## How to complete this task:
Give again, exactly and only, the lines running from the one with "Hawaiian Turtle and" to the end of the material below; leave out pictures.

## Data excerpt:
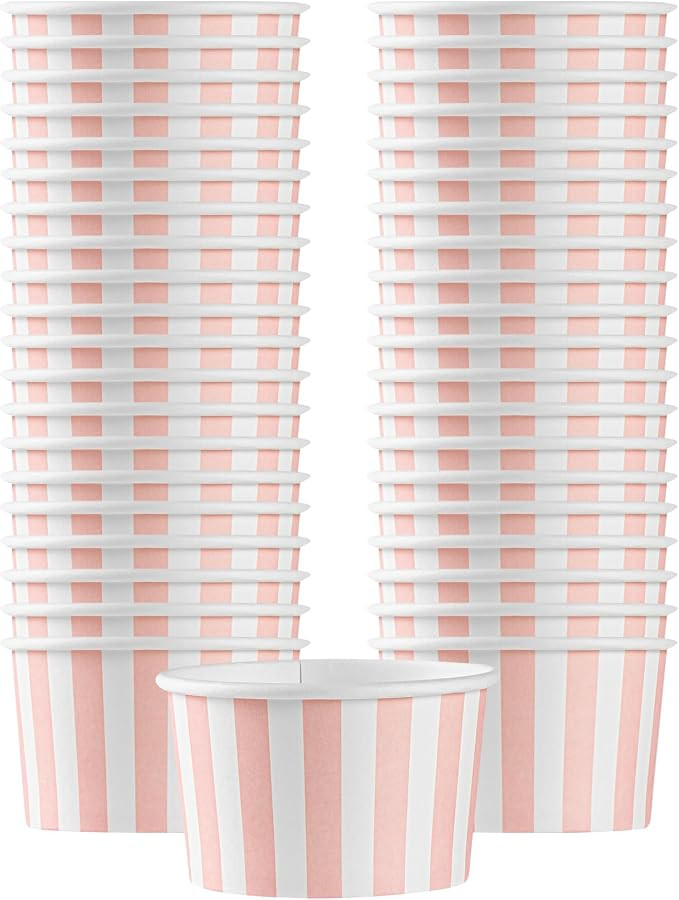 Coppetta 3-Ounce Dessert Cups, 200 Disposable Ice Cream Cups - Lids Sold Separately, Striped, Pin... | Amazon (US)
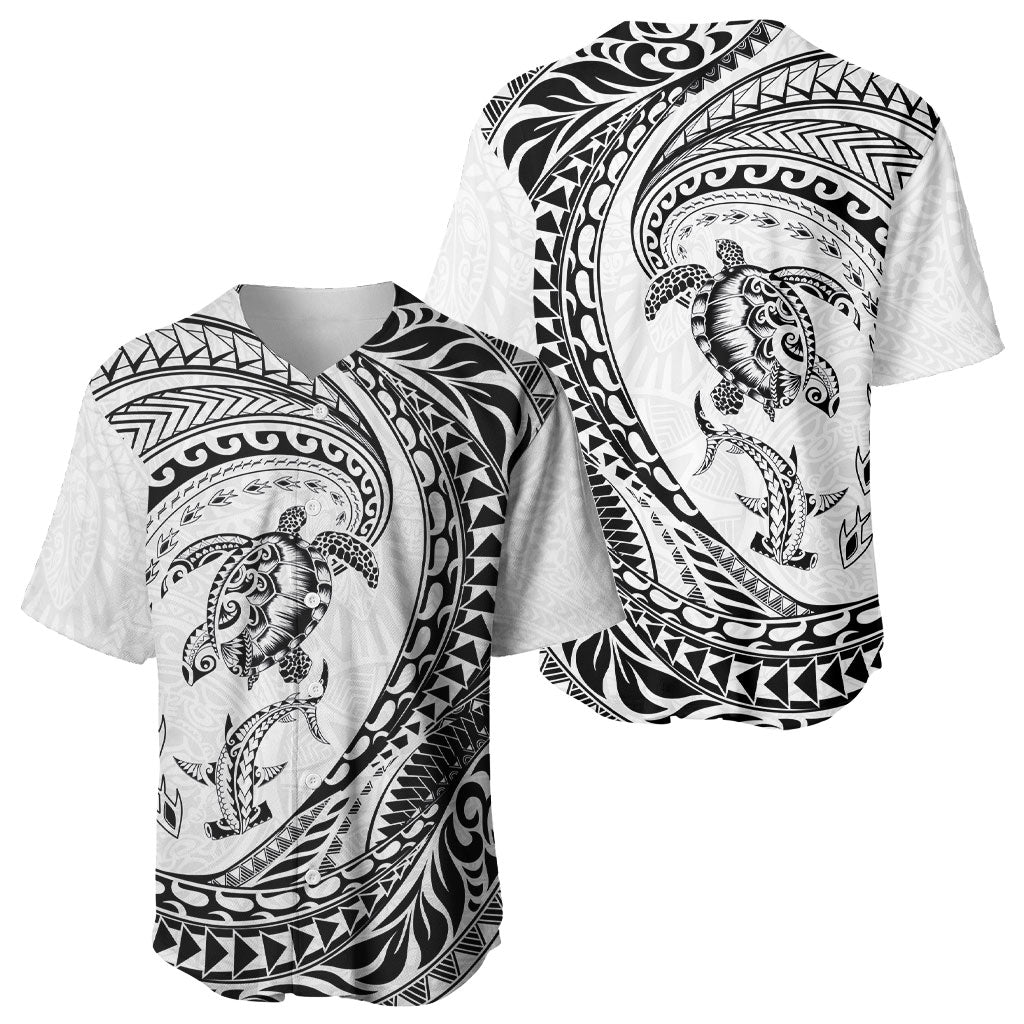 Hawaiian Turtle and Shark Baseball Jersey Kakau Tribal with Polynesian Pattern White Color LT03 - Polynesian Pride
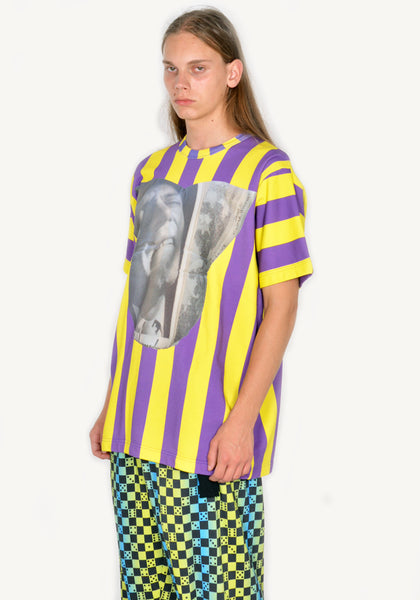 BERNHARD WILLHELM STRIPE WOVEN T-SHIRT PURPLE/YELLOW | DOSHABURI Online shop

## Solution:
 Hawaiian Turtle and Shark Baseball Jersey Kakau Tribal with Polynesian Pattern White Color LT03 - Polynesian Pride
 BERNHARD WILLHELM STRIPE WOVEN T-SHIRT PURPLE/YELLOW | DOSHABURI Online shop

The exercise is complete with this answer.